# Plumbers - Wellmen



## Forest Meister (Mar 7, 2010)

Here is the issue. Long about Christmas time I noticed my pump kicking in when there was no water being used but it was pretty infrequent. Lately it seems to kick in about once an hour or so. It seems to run for quite some time, not the kick in and out I had when my old surge tank went bad 25 years ago. 

Every faucet, inside and out, was checked. Then I thought it might be a leak in the system but I crawled under the house with a flashlight and cannot find anything. I was hoping it was something simple but right now I fear it might be as complicated as taking out a loan for something major. Any ideas of what it might be before I start calling the professionals? 

I should add that it is a shallow well pump. FM


----------



## bobberbill (Apr 5, 2011)

I'm not a plumber or a wellman. Just have a couple that I maintain. Is there a pressure gauge that you can watch, either on the pump or the pressure tank?? The pressure MUST be dropping for some reason. Could be a check valve leaking in the well pipe, a leak in the well pipe itself, or a leak somewhere else. I chased a problem once and found a hose hooked up to an outside faucet that I forgot about. HAS to be a pressure drop somewhere. If you can watch the gauge, and shut the house supply off, that could help isolate where the problem could be; either house side or well side..


----------



## Luv2hunteup (Mar 22, 2003)

This link may help.
http://inspectapedia.com/water/Intermittent_Water_Pump_Cycling.php


----------



## rollin stone (Dec 31, 2011)

Water is going somewhere. Many times it's the flapper in the toilet tank. Put some food coloring in the tank to see if it seeps in to the bowl. Could also be the check valve located between the pump and the well.


----------



## rollin stone (Dec 31, 2011)

If you have a water softener the backwash valve can also malfunction ( not close completely). If you can bypass the softener you can eliminate or confirm that possibility.


----------



## tmanmi (Sep 20, 2005)

I had a similar issue a few years ago. Well guy found a cracked line at one of the fittings on the pump/well head. Water was going back into the ground, nothing showing on the surface.


----------



## Burksee (Jan 15, 2003)

What kind of a well/pump do you have? Is the pump at the top of the well or is it inside the well/a submersible pump?

In either case you should have a valve just past the bladder tank that shuts the water off into the house. Close the valve and watch to see if the pressure bleeds down. 

If it does that you could have a 1) bad/leaking check valve. 2) if its submersible pump you could have a hole in your drop pipe.

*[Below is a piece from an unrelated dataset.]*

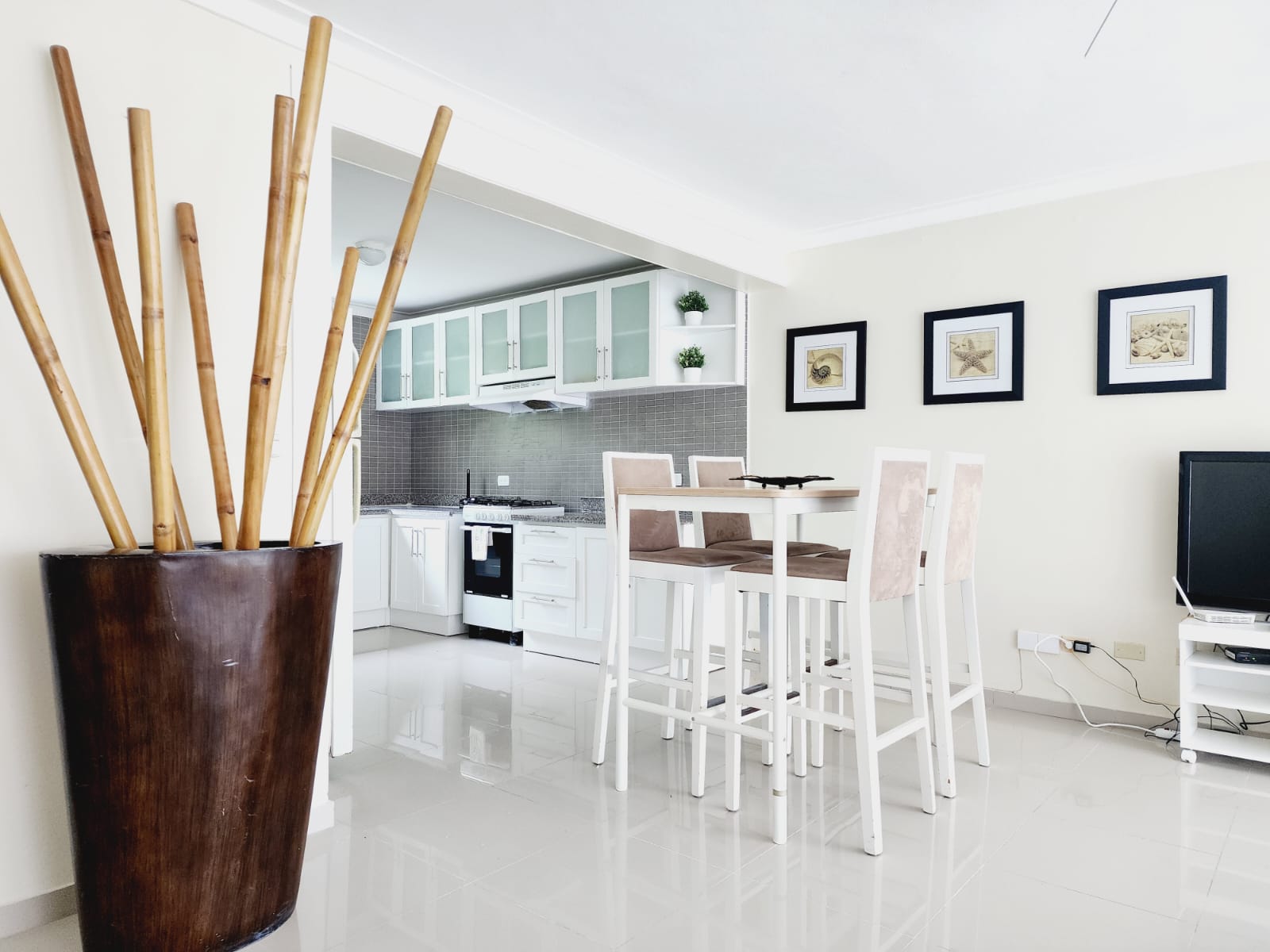 Vendo apartamento totalmente amueblado en Juan Dolió Foto 7269676-4.jpg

If the pressure doesn't drop then you've got a leak in the house somewhere. Many times I've found a leaking flapper valve in the toilet to be the issue.


----------



## ibthetrout (Sep 24, 2003)

If it is a submersible pump it could be the pittman value.


----------



## Burksee (Jan 15, 2003)

ibthetrout said:


> If it is a submersible pump it could be the pittman value.

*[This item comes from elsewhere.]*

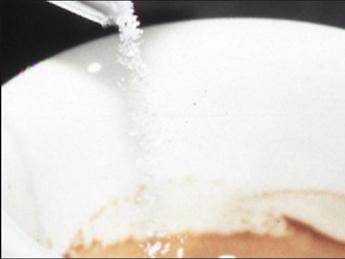 “Aspartame possibile cancerogeno”, il responso dell’Oms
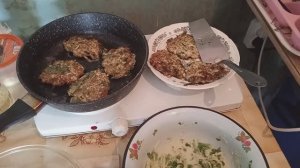 Готовлю котлеты из кабачков (архив июль2025)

Did you get auto corrected and meant to say Pitless Adaptor?

Yes, although rarer I've seen those leak, had the nipple rotted off the pitless on the outside of the well.


----------



## rollin stone (Dec 31, 2011)

I've never seen a submersible shallow well pump. But who knows?


----------



## cliftp (Jan 13, 2007)

Forest Meister said:


> Here is the issue. Long about Christmas time I noticed my pump kicking in when there was no water being used but it was pretty infrequent. Lately it seems to kick in about once an hour or so. It seems to run for quite some time, not the kick in and out I had when my old surge tank went bad 25 years ago.
> 
> Every faucet, inside and out, was checked. Then I thought it might be a leak in the system but I crawled under the house with a flashlight and cannot find anything. I was hoping it was something simple but right now I fear it might be as complicated as taking out a loan for something major. Any ideas of what it might be before I start calling the professionals?
> 
> I should add that it is a shallow well pump. FM


Hope this isn't what yours is doing BUT, last winter I kept noticing mine cycling on and off, and it was getting more frequent. Assumed it was the tank so replaced it. Tried to ignore the cycling but after a few more weeks I finally called the well guy. He came out and said he needed to pull the well, 70 feet or so, and he couldn't get his truck to the well unless I shoveled. So I shoveled snow. Finally able to get him back, he attempted to pull the well and the pipe snapped. It was completely rusted and perforated. Ended up putting something on a piece of pipe that looked like a big EZ out tried to snag the pump. Finally did after and hour or so, said the only other option was a new well. Trashed the pump, but I was sure happy to see it come up. New well, and new pipe, everything is fine. Hope yours is simpler.

Paul C.


----------



## Forest Meister (Mar 7, 2010)

cliftp said:


> Hope this isn't what yours is doing BUT, last winter I kept noticing mine cycling on and off, and it was getting more frequent. Assumed it was the tank so replaced it. Tried to ignore the cycling but after a few more weeks I finally called the well guy. He came out and said he needed to pull the well, 70 feet or so, and he couldn't get his truck to the well unless I shoveled. So I shoveled snow. Finally able to get him back, he attempted to pull the well and the pipe snapped. It was completely rusted and perforated. Ended up putting something on a piece of pipe that looked like a big EZ out tried to snag the pump. Finally did after and hour or so, said the only other option was a new well. Trashed the pump, but I was sure happy to see it come up. New well, and new pipe, everything is fine. Hope yours is simpler.
> 
> Paul C.


Thanks everyone for all the info and suggestions. It really is appreciated.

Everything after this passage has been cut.